The plan is revealed in applications to the WA department of water and resources, kindly pointed out by a reader, where Alinta seeks permission to clear 160 hectares, and makes a planning application for a solar farm at that location.

“The clearing will be required so that Alinta Energy Transmission (Chichester) Pty Ltd (Alinta) can build, own and operate a solar field located adjacent to Fortescue Metals Group’s (FMG’s) Christmas Creek Substation in the Pilbara region of Western Australia (the Project),” the document says.

“The Project will supply FMG’s Christmas Creek mine site with power to support ongoing mining operations.”

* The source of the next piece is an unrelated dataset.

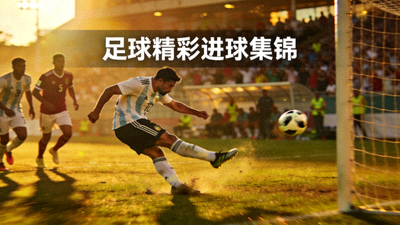 足球精彩进球集锦视频缩略图显示球员射门瞬间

It does not describe the size of the solar plant, but presuming it will be using tracking technology, solar industry insiders suggest it would accommodate a solar farm of around 60MW – which in turn is the capacity of the existing diesel generator.

The proposed shift to solar is not a surprise. Fortescue had flagged its interest in solar power last year, recognising that it could deliver a significant reduction in costs from the mostly diesel plants that supply its mines.

A few years ago, Fortescue Metals  also tendered for a 3MW solar PV project to help power its Christmas Creek mining camp, although it is not clear whether that was ever built. The mine is served by a 58MW diesel plant.

The Alinta solar farm proposal will be of another scale to the 3MW proposal, and would not surprise if it was also accompanied by battery storage technology given its success in a new battery installed near its gas plant in the Pilbara.

Alinta is also looking to build a new transmission line linking some of the Fortescue Mines, which would increase the case for a large scale solar project.

Last month it made a development application for the 65km line which would link the Christmas Creek mine with the Cloudbreak mine, and Gina Rinehardt’s Roy Hill iron ore mine, which is served by its own link to the 180MW Newman  gas-fired power station, where Alinta installed its battery.

Some mining companies are also looking to solar – such as the Degrussa copper mine in WA, the Weipa bauxite mine in north Queensland. South32 has ordered a 3MW solar facility for its Cannington mine.

In South Australia, Oz mInerals has flagged its interest in renewables for some of its yet to be developed projects, and has agreed to co-fund a transmission line with the developer of the Aurora solar tower and molten salt storage facility near Port Augusta. BHP has also been looking at renewable energy options for its long mooted Olympic Dam expansion.

As Adrienne Baker wrote here,  Australia is becoming the global centre for renewables for mines.